2 sussistenza di almeno uno degli elementi distintivi (hallmarks, da A) a E), che costituiscono indice di rischio

3 presenza di una riduzione potenziale d’imposta dovuta in un paese Ue o Stato terzo con cui è in vigore un accordo di collaborazione

4 criterio del vantaggio fiscale principale realizzato in Italia.

Con riferimento agli hallmarks classificati nella lettera E) «Elementi distintivi specifici relativi ai prezzi di trasferimento» oltre alla natura transfrontaliera del meccanismo da cui potrebbero derivare valutazioni non conformi all’arms lenght principle, deve essere solamente verificato il criterio della riduzione d’imposta senza che sia soddisfatto il parametro del vantaggio principale.

La potenziale riduzione d’imposta va rapportata alla differenza fra le imposte da assolvere sulla base di uno o più meccanismi e le imposte che sarebbero dovute in assenza di tali accordi (articolo 7 comma 3 Dm 17/11/20).

In particolare secondo l’hallmark E.2) andrebbe comunicato ogni schema che comporta il trasferimento di beni immateriali o diritti su beni immateriali di difficile valutazione per i quali al momento del loro trasferimento fra imprese associate non esistono transazioni comparabili e le proiezioni dei flussi di cassa futuri o il reddito derivante dal bene trasferito, rendono impraticabile prevederne la profittabilità complessiva.

Il problema diviene dunque se un’impresa, facente parte di un gruppo multinazionale, debba o meno notificare all’Agenzia la semplice concessione in licenza di marchi, brevetti, diritti di utilizzazione delle opere dell’ingegno, know-how e simili a fronte del pagamento di una royalty dalla propria controllata. Qualora non ci fossero “asimmetrie” riservate al trattamento fiscale del medesimo componente di reddito da parte della legislazione adottata da diverse giurisdizioni lo schema non rientrerebbe nell’hallmark C.1) come chiaramente desumibile dall’Esempio 19 della circolare 2/21 § 8.3.1.
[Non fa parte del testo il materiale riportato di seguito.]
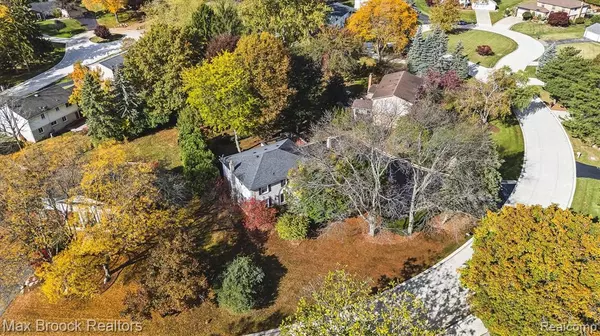 Farmington Hills, MI 48331,31079 Oak Valley Drive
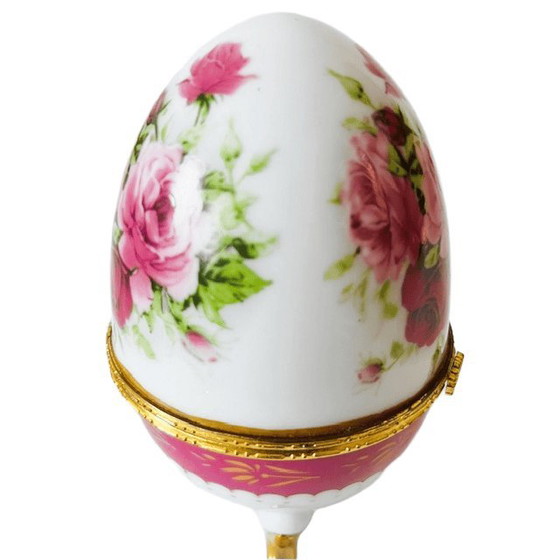 Vintage porcelain egg jewelry box, Limoges style, floral, gold hinge, 1980s – Decorative Objects, Brass (photo 5 of 10)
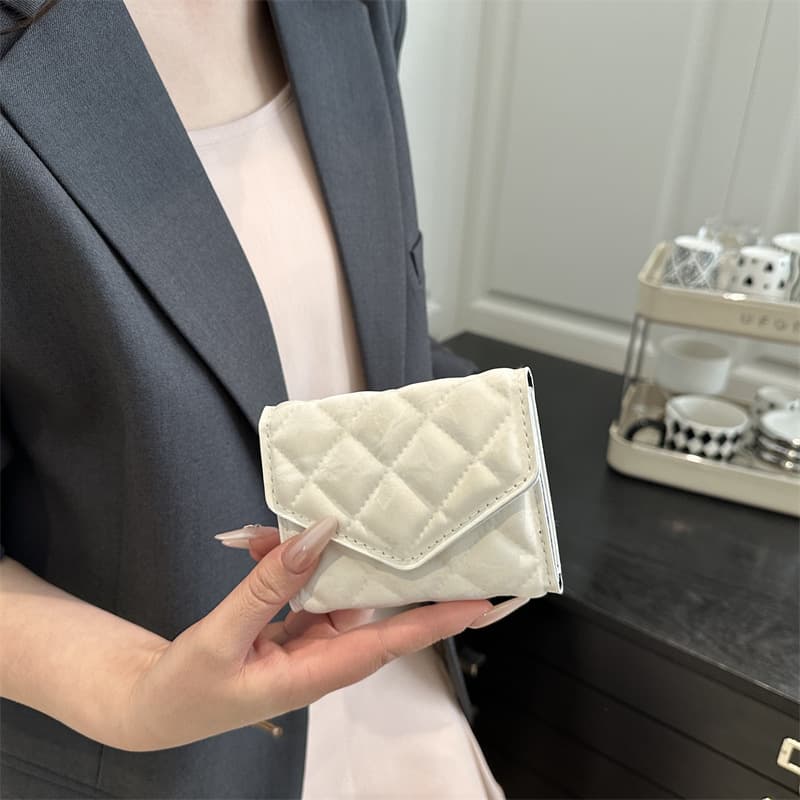二つ折り財布 ふんわりキルト コンパクト財布
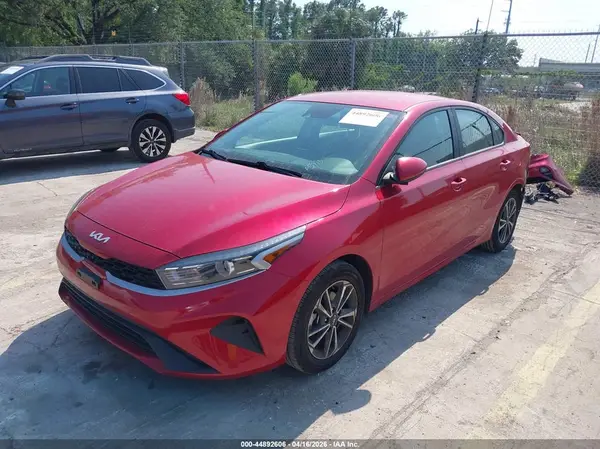 3KPF24ADXRE736137 2024 KIA FORTE - Image 2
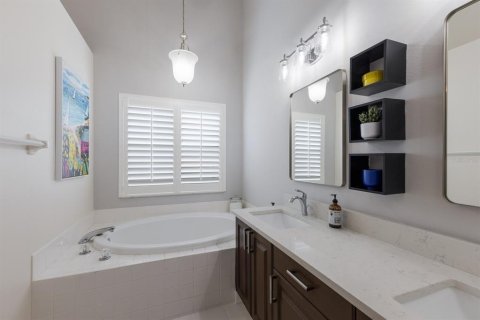House in Sarasota, Florida 3 bedrooms, 168.06 sq.m. № 1670062 - photo 20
La sua collocazione diverrebbe allora l’elemento distintivo di cui alla lettera E.2), in quanto la comunicazione dipenderebbe dalla circostanza che il rischio potenziale è insito nella natura o complessità dell’oggetto, dovendo avere riguardo esclusivamente alla struttura del meccanismo. Tuttavia il concetto di «trasferimento» di un bene immateriale o la «concessione di un diritto» è da sempre molto labile, in quanto a secondo del perimetro che gli si vuole attribuire, può comprendere o meno l’utilizzazione industriale del bene o la concessione in licenza. Del resto anche in questo caso l’Esempio 28 (circolare 2/21 § 8.5.2) non fa che aumentare gli equivoci, laddove la concessione in licenza del bene immateriale sembra subordinare la notifica al trasferimento/vendita al nuovo concedente.

Sarebbe opportuno a questo punto un chiarimento in quanto, diversamente argomentando, oltre al regime sanzionatorio, verrebbe raddoppiato l’adempimento già previsto in tema di documentazione idonea a consentire il riscontro della conformità al principio di libera concorrenza, con buona pace delle semplificazioni.